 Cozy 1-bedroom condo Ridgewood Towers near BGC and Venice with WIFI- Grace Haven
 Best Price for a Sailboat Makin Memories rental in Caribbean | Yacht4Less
·····
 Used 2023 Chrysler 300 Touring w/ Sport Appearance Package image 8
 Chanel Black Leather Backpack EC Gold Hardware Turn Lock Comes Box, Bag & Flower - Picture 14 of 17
·····
The required answer is the run of lines above, starting at the line with "Cozy 1-bedroom condo" and ending at the line with "Best Price for", reproduced exactly with both ends.

* Exercise output
 Cozy 1-bedroom condo Ridgewood Towers near BGC and Venice with WIFI- Grace Haven
 Best Price for a Sailboat Makin Memories rental in Caribbean | Yacht4Less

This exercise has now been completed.